"""

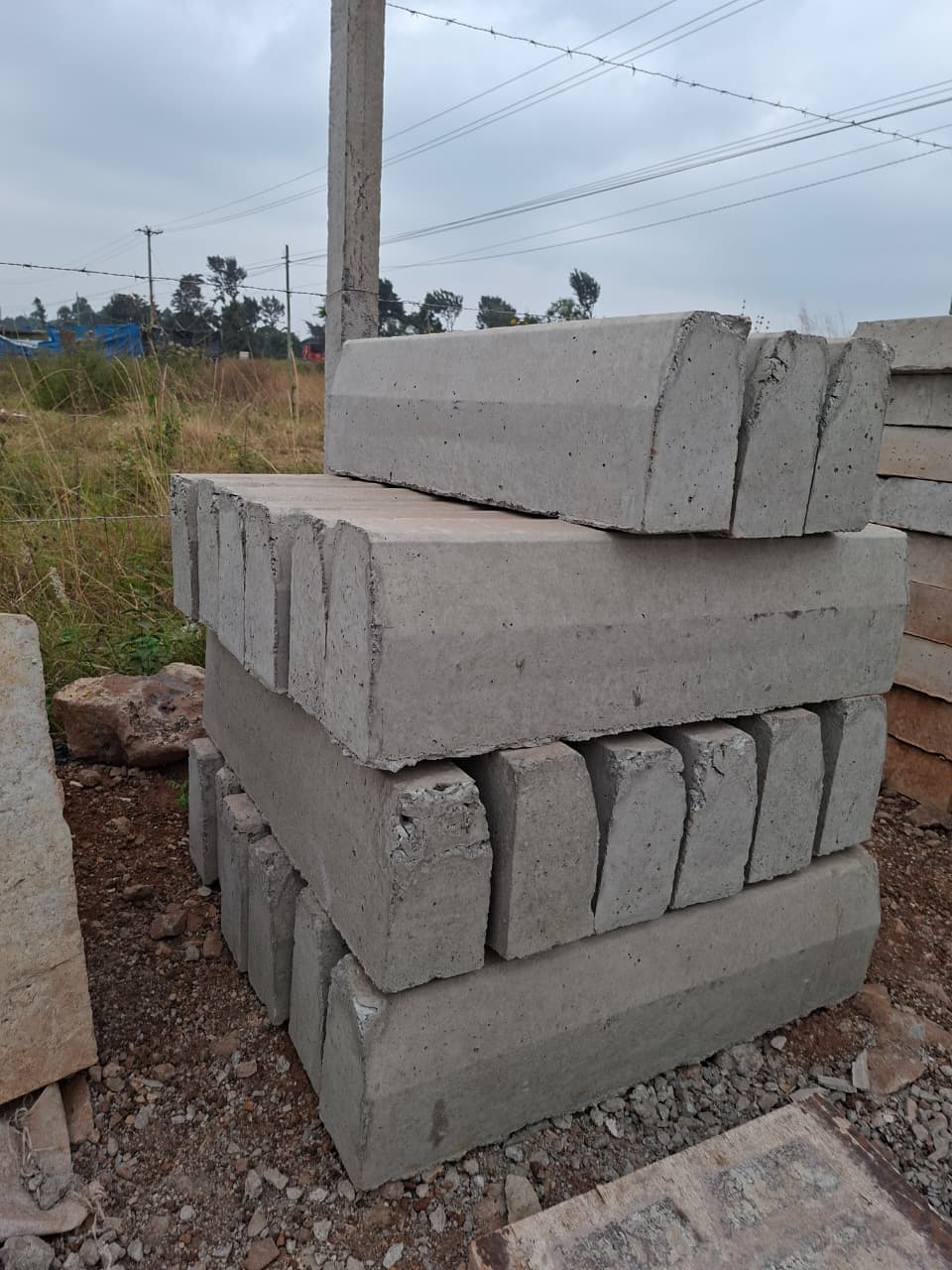 Precast invert drainage channels stocked for efficient stormwater control and rapid site installation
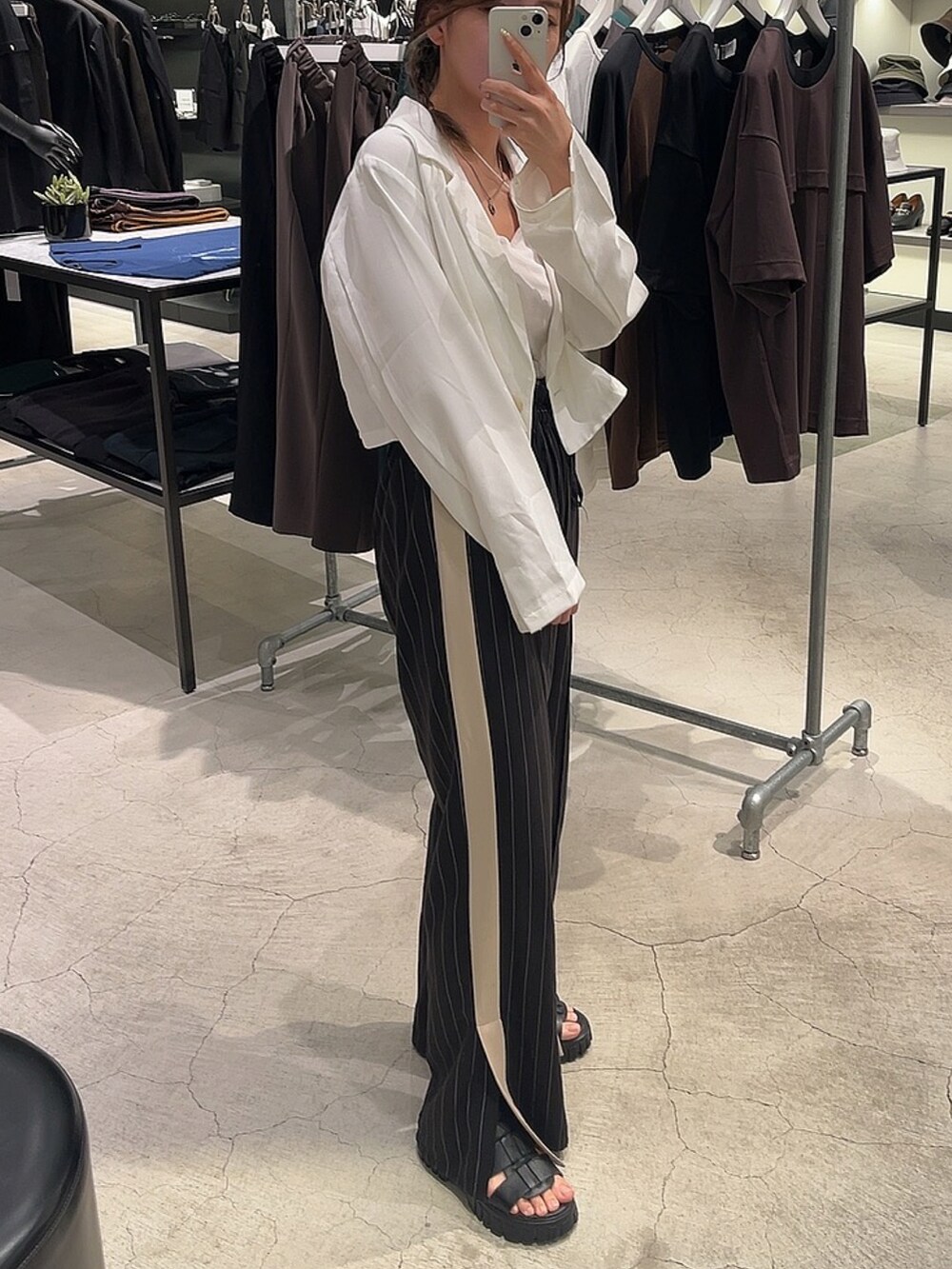 ブラック系のスラックスを着用したレディースの夏コーディネートの2枚目の写真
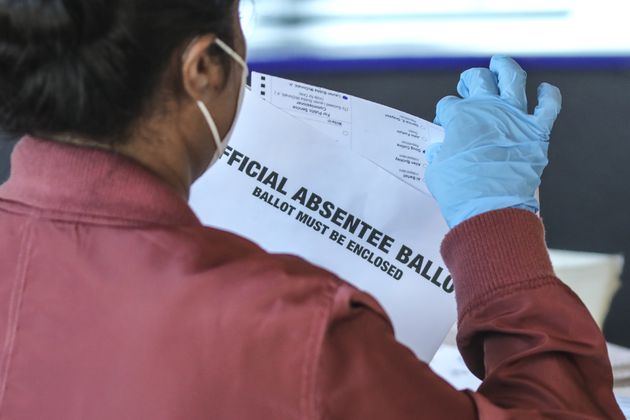 A Fulton County election worker scans absentee ballots in 2020. For the 2024 election, voters can track their ballots through the state's My Voter Page. (John Spink/AJC 2020)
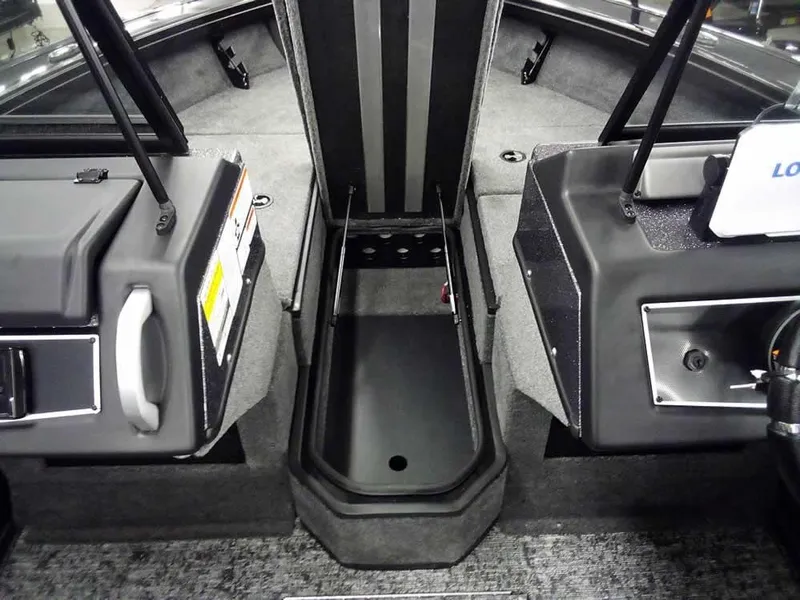 Slide: The Image of 2025 Ranger VX1888 WT boat interior with storage compartments and seating area. - 17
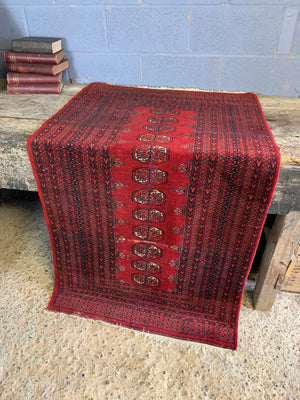 A Persian red ground rectangular Bokhara rug
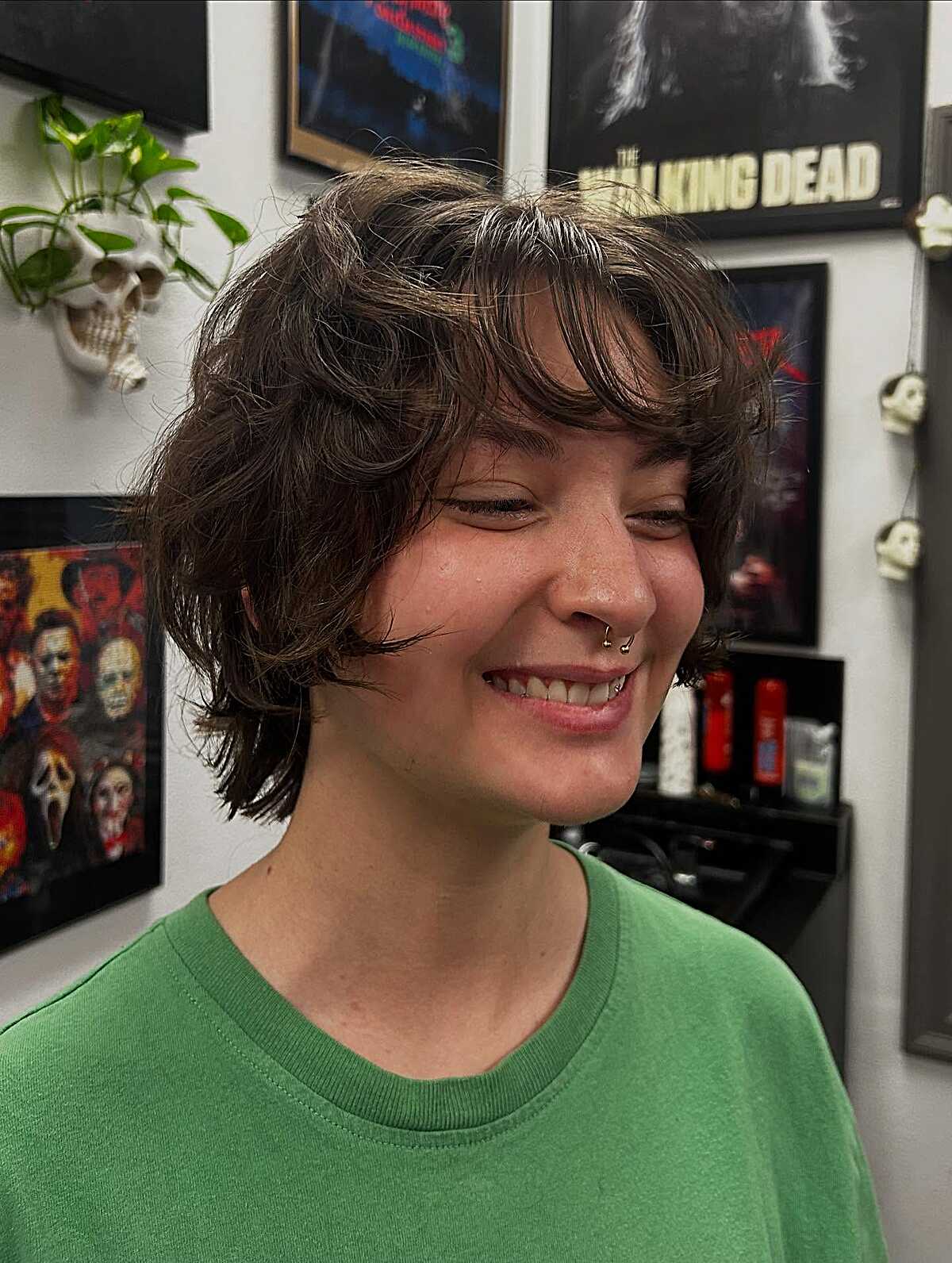 Shaggy brunette wavy pixie with wispy layers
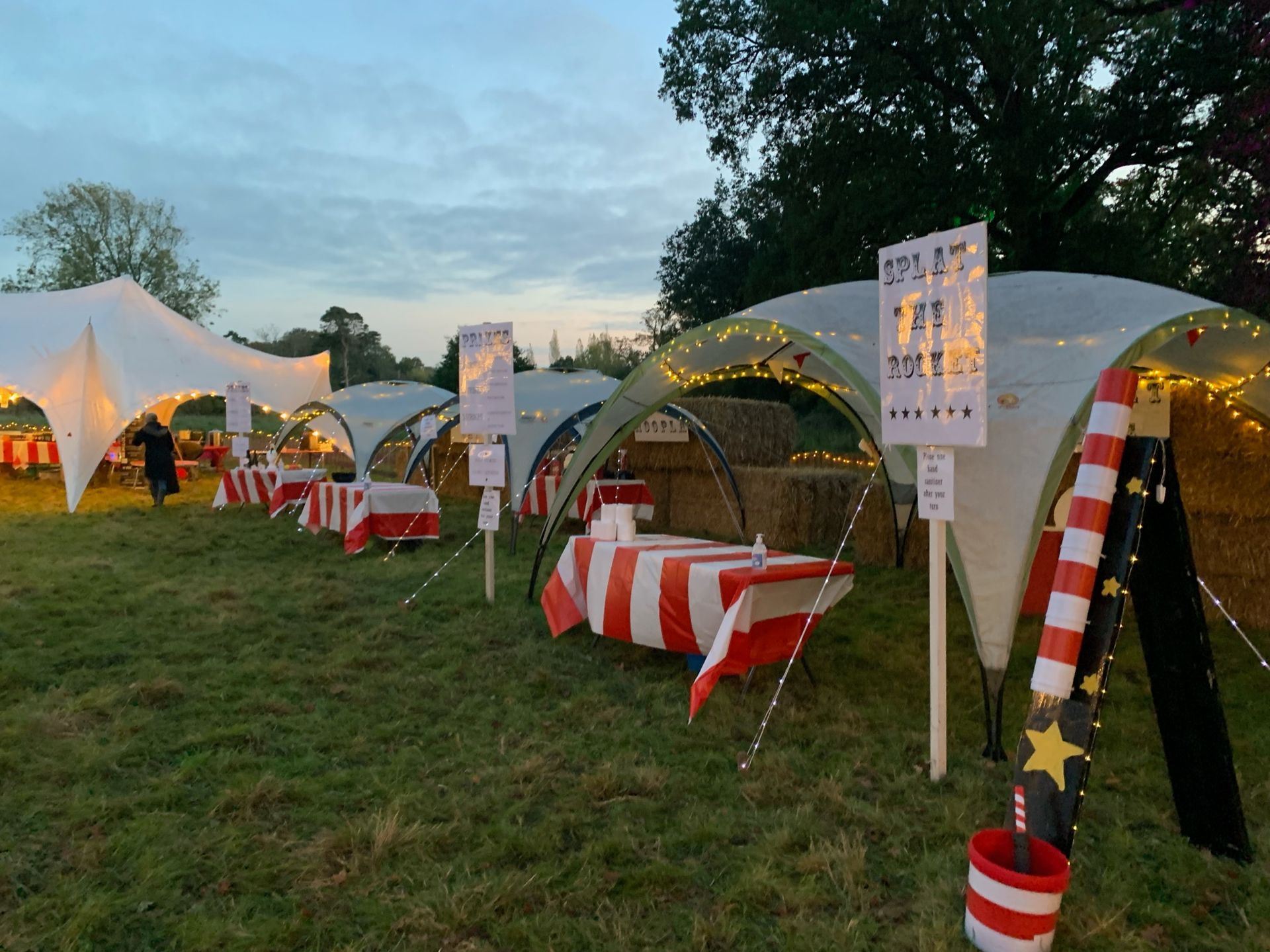 Tented booths with red and white striped tables at an outdoor event in a grassy field at dusk.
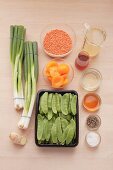 Ingredients for a lentil salad with apricots and sugar snap peas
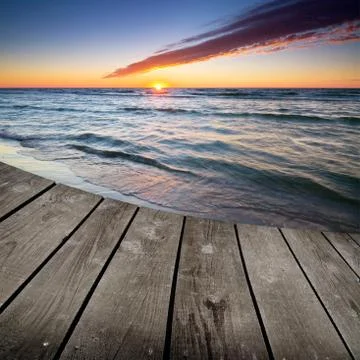Sunset and empty wooden deck table. Stock Photos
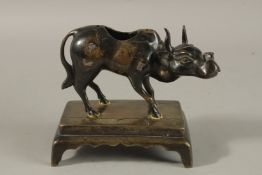 AN INDIAN KERALA BRONZE FIGURE OF A BULL, mounted to a rectangular base elevated on four feet,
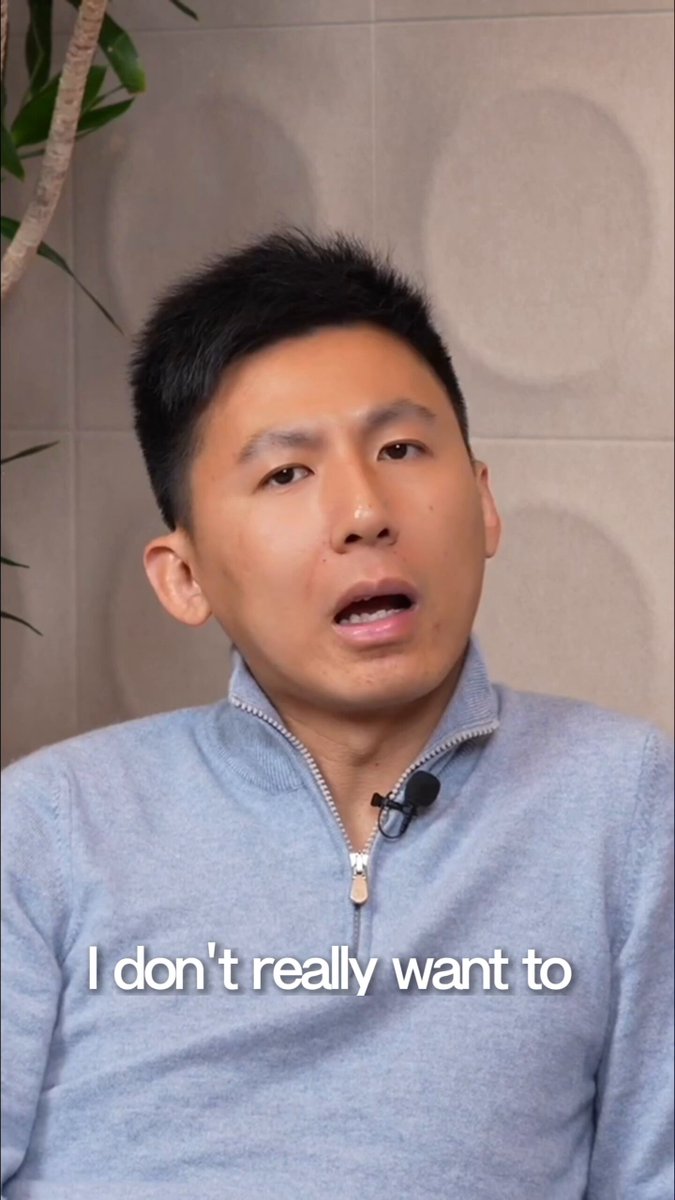 The image shows a man wearing a blue sweater, with his face partially visible as he looks at someone or something off-camera. The caption of the image reads "I don't really want to", which seems to be a reference to the statement made by @Aptos about Asia not coming and eating crypto in 2026. This message is related to the post because it highlights the idea that Asian economies are already locked out of the traditional global financial system, as they explore alternative means of currency and economic growth.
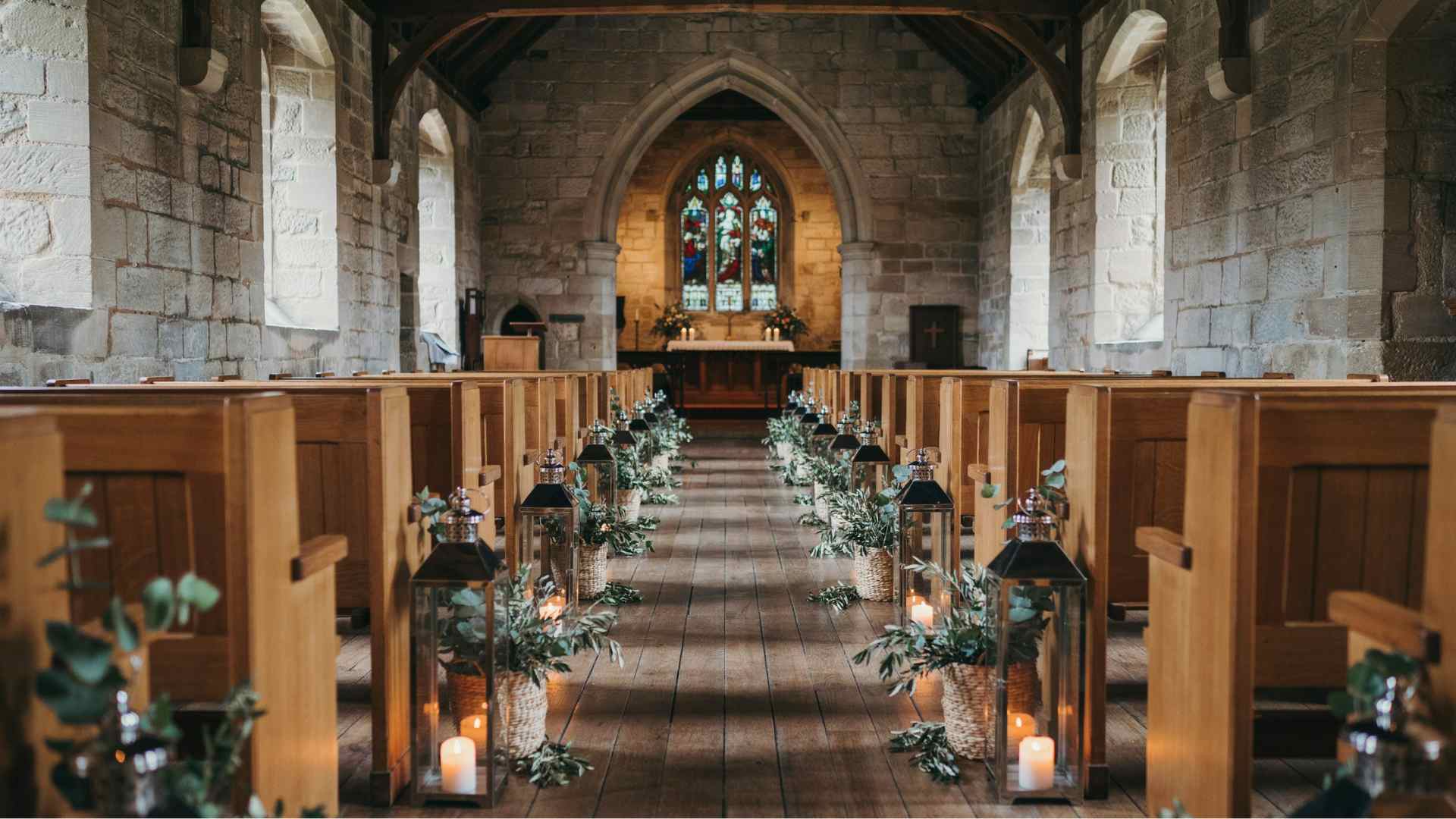Lanterns with flameless candles beside a church wedding aisle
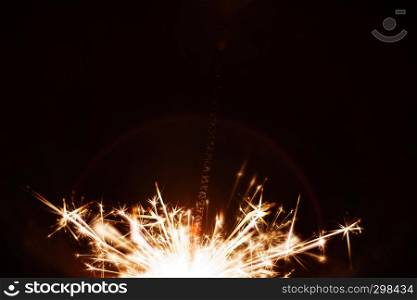 A long exposure close-up shot of a sparkler with flying sparks at night.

"""

Exercise instructions >>
Could you output all the entries above exactly as written, leaving out the pictures?

Task output >>
 Precast invert drainage channels stocked for efficient stormwater control and rapid site installation
 ブラック系のスラックスを着用したレディースの夏コーディネートの2枚目の写真
 A Fulton County election worker scans absentee ballots in 2020. For the 2024 election, voters can track their ballots through the state's My Voter Page. (John Spink/AJC 2020)
 Slide: The Image of 2025 Ranger VX1888 WT boat interior with storage compartments and seating area. - 17
 A Persian red ground rectangular Bokhara rug
 Shaggy brunette wavy pixie with wispy layers
 Tented booths with red and white striped tables at an outdoor event in a grassy field at dusk.
 Ingredients for a lentil salad with apricots and sugar snap peas
Sunset and empty wooden deck table. Stock Photos
 AN INDIAN KERALA BRONZE FIGURE OF A BULL, mounted to a rectangular base elevated on four feet,
 The image shows a man wearing a blue sweater, with his face partially visible as he looks at someone or something off-camera. The caption of the image reads "I don't really want to", which seems to be a reference to the statement made by @Aptos about Asia not coming and eating crypto in 2026. This message is related to the post because it highlights the idea that Asian economies are already locked out of the traditional global financial system, as they explore alternative means of currency and economic growth.
Lanterns with flameless candles beside a church wedding aisle
 A long exposure close-up shot of a sparkler with flying sparks at night.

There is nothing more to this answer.